Kennels are not licensed under the statute. There is nothing in the statute or regulations
that require a license for a kennel.
Licenses are granted to establishments that fall within the criteria for
licensure whether or not they have a kennel facility. This interpretation is bolstered by the
Department’s own proposed definition of establishment which includes temporary
homes that clearly may not meet the
criteria for kennels. This apparent
confusion is generated by the breadth of the Department’s proposed definition
for establishment, since kennel is defined in the statute as being an
establishment keeping dogs for specified purposes and constructed so they
cannot escape therefrom. By broadening
the definition as it proposes, it appears the Department may be extending the
term kennel well beyond its statutory basis.
This
section also needs to specify its implied statement that the penalties of the
section do not apply when a kennel license renewal, which has been properly and
timely applied for, is not received in a timely manner. Since kennel licenses lapse at the end of the
year, an individual would have no proof of current licensure even if assured by
the local office that it had been mailed.
The statute places the burden on the owner of the dog to prove it is
licensed. (3 P.S. § 459-802) We
are aware of cases where license renewals weren’t received before January 24,
2007. Should an inspector come to such
an establishment before the license was received, there would be no proof that
the establishment or the dogs were currently licensed. Even though the penalties in this section are
not mandatory, it would be better to clarify this issue.
The
requirements of (1)(iv) regarding convictions for animal cruelty with the past
10 years should be strengthened to include convictions for animal cruelty
outside the Commonwealth. The current
language does not prevent animal abusers from moving into the Commonwealth and
being licensed here. The Commonwealth
should not grant licenses to convicted animal abusers who were convicted
anywhere within the regulatory time period.
7
P.A. Code § 21.14 Kennel Licensure Provisions. This section gives more specifics with
regard to the intent and enforcement of the kennel licensure provisions of the
act and sets forth the substantive provisions of the regulations relating to
the new definitions of ''establishment'' and ''temporary home'' set forth in
these regulations. It addresses and sets
forth the prohibitions related to dealing with unlicensed kennels. It is intended to provide clarification
related to Article II provisions of the act and to assure greater compliance
with the existing provisions of the act to enhance the Department's ability to
carry out the intent of the act which is protection of the health, safety and
welfare of dogs.
The
requirement of Subparagraph (a)(3)(ii)
of the Proposed Regulations that each “temporary home utilized by the
establishment shall be treated as a separate kennel location” and the requirement of paragraph (a)(2)

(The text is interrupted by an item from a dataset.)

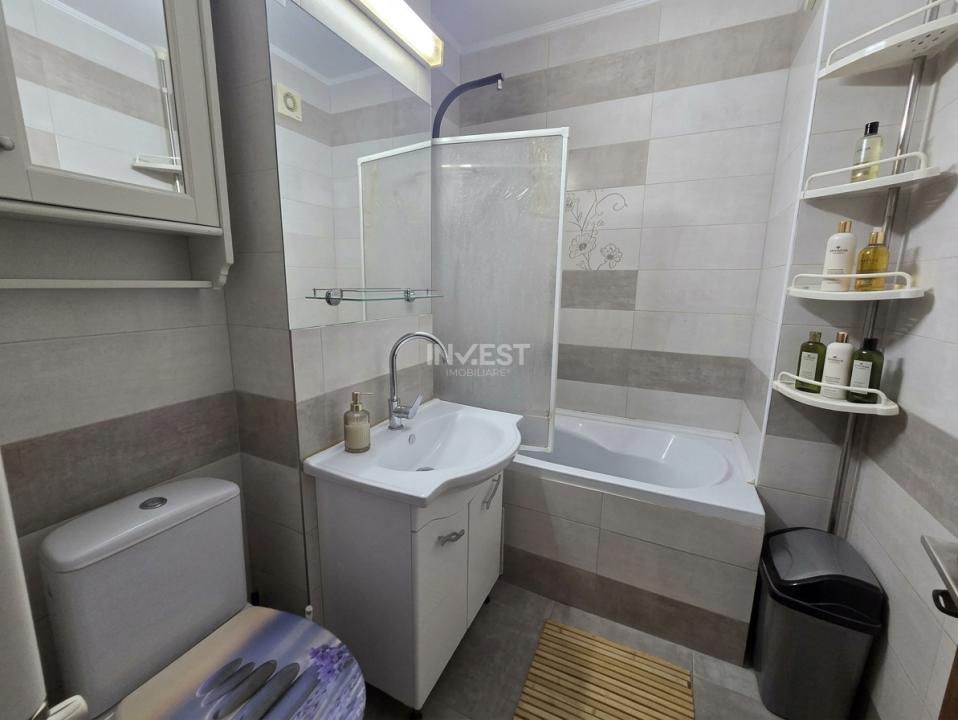 Apartament 2 camere, decomandat, 52mp, etaj intermediar - 4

that a “separate and proper kennel license shall be required for each type of
kennel and every location at which a kennel is kept or operated” creates a definitional problem. First, statute requires the licensure of
establishments, not kennels. It is the broad definition of establishment under
the proposed regulations that creates this situation. The Department’s
definition requires a license for each temporary home since they are kennels by
extension as part of the establishment requiring a license. This circular reasoning should be
eliminated. Dual licensure is not
necessary, especially since the regulations require the establishment to
provide tags for the dogs in the temporary homes.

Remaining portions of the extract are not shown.